→ **TASK DETAILS**
From the line with "eveecherry Onlyfans Photo Gallery" to the line with "ޔޫގެންޑާގެ ސްކޫލަކަށް ހަމަލާދީ", output every line below exactly, both ends included. Skip the pictures.

→ **EXERCISE DATA**
══════════

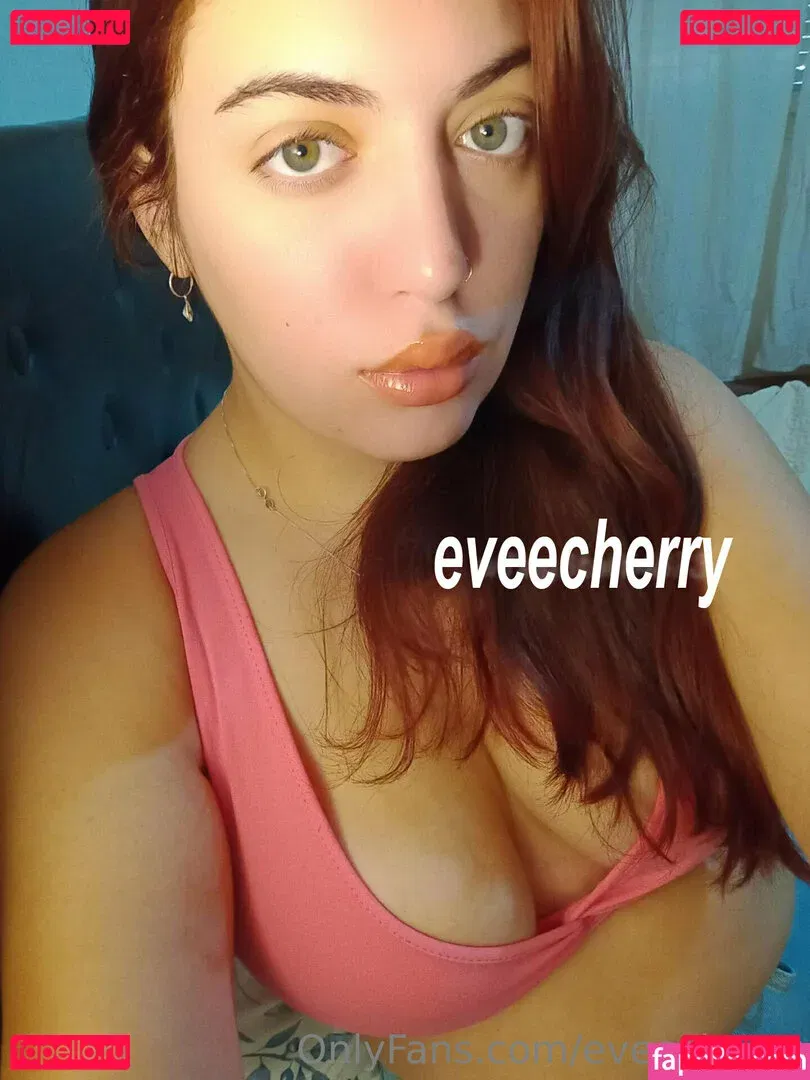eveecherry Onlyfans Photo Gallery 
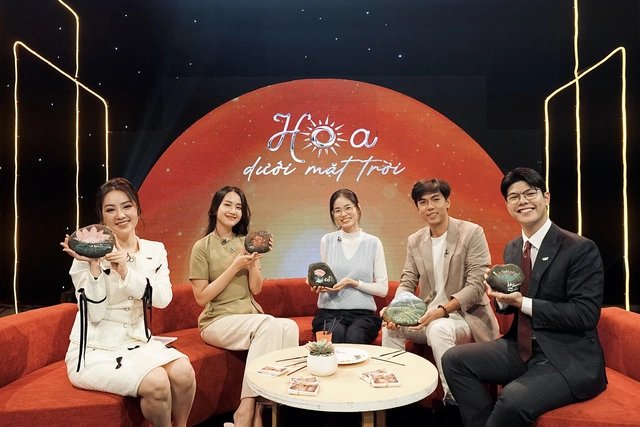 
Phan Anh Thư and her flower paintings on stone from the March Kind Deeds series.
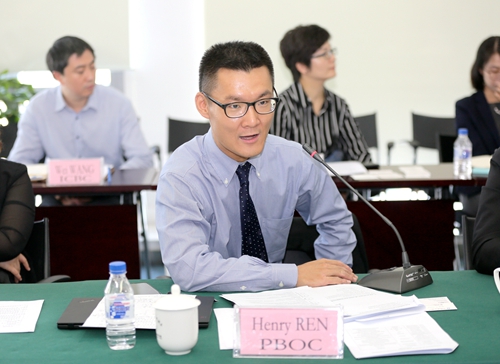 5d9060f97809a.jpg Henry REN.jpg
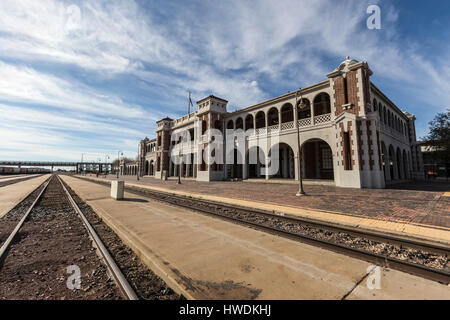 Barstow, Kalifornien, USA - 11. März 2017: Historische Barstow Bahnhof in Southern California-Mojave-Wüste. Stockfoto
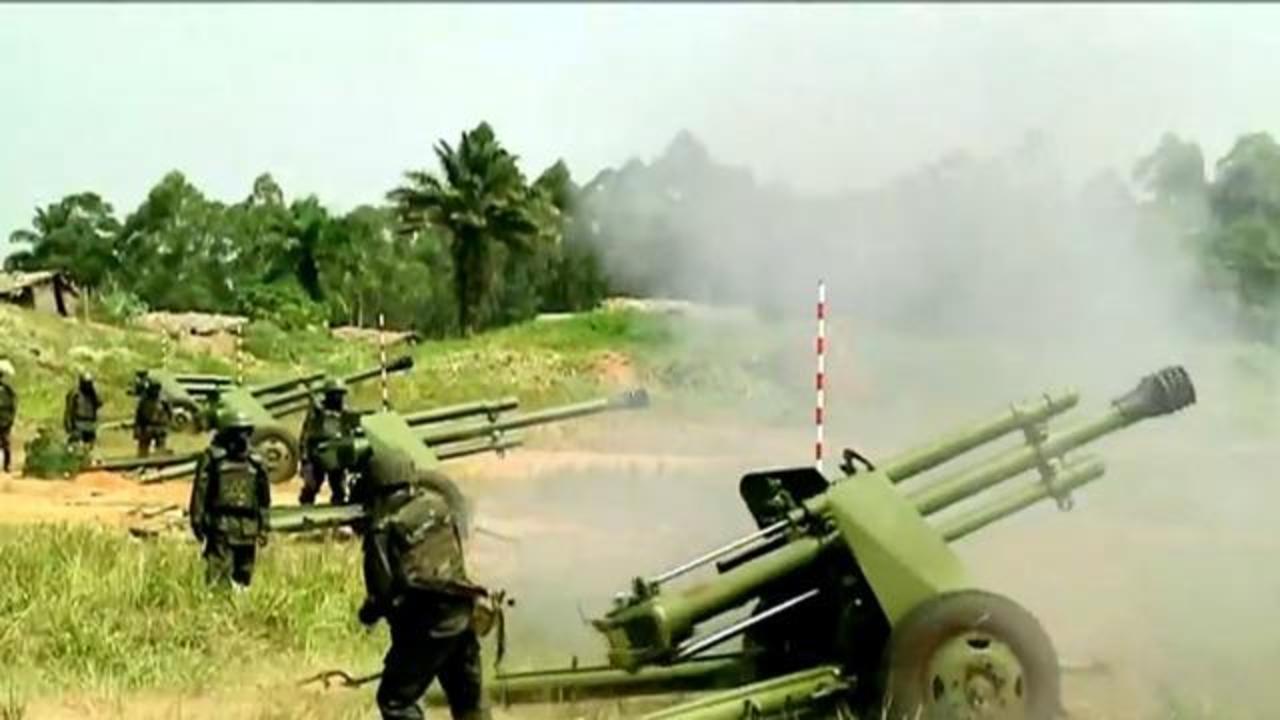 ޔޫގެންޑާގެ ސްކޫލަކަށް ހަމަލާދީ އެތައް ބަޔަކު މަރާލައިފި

══════════

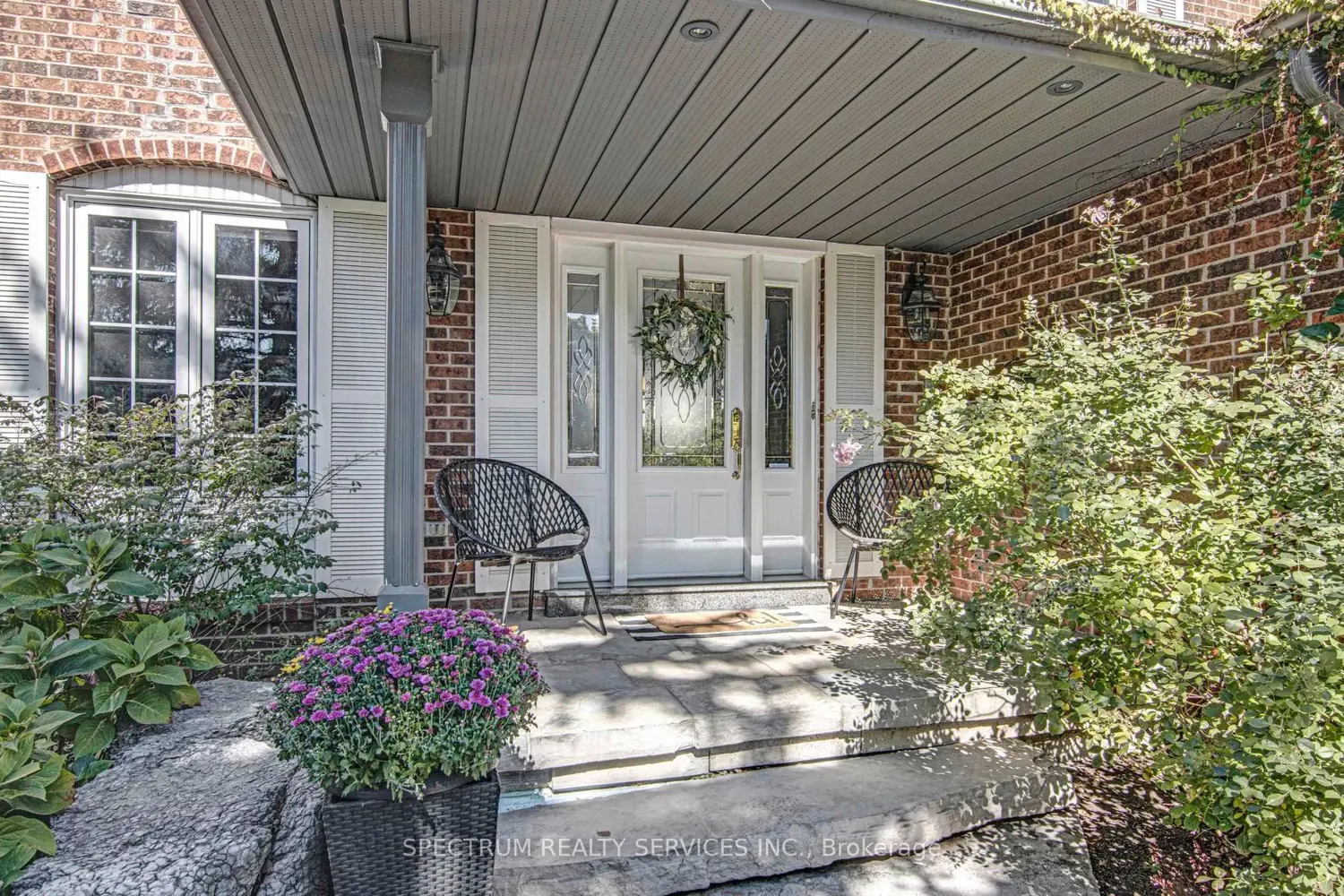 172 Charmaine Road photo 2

══════════

→ **FINISHED TASK**
eveecherry Onlyfans Photo Gallery 
Phan Anh Thư and her flower paintings on stone from the March Kind Deeds series.
 5d9060f97809a.jpg Henry REN.jpg
 Barstow, Kalifornien, USA - 11. März 2017: Historische Barstow Bahnhof in Southern California-Mojave-Wüste. Stockfoto
 ޔޫގެންޑާގެ ސްކޫލަކަށް ހަމަލާދީ އެތައް ބަޔަކު މަރާލައިފި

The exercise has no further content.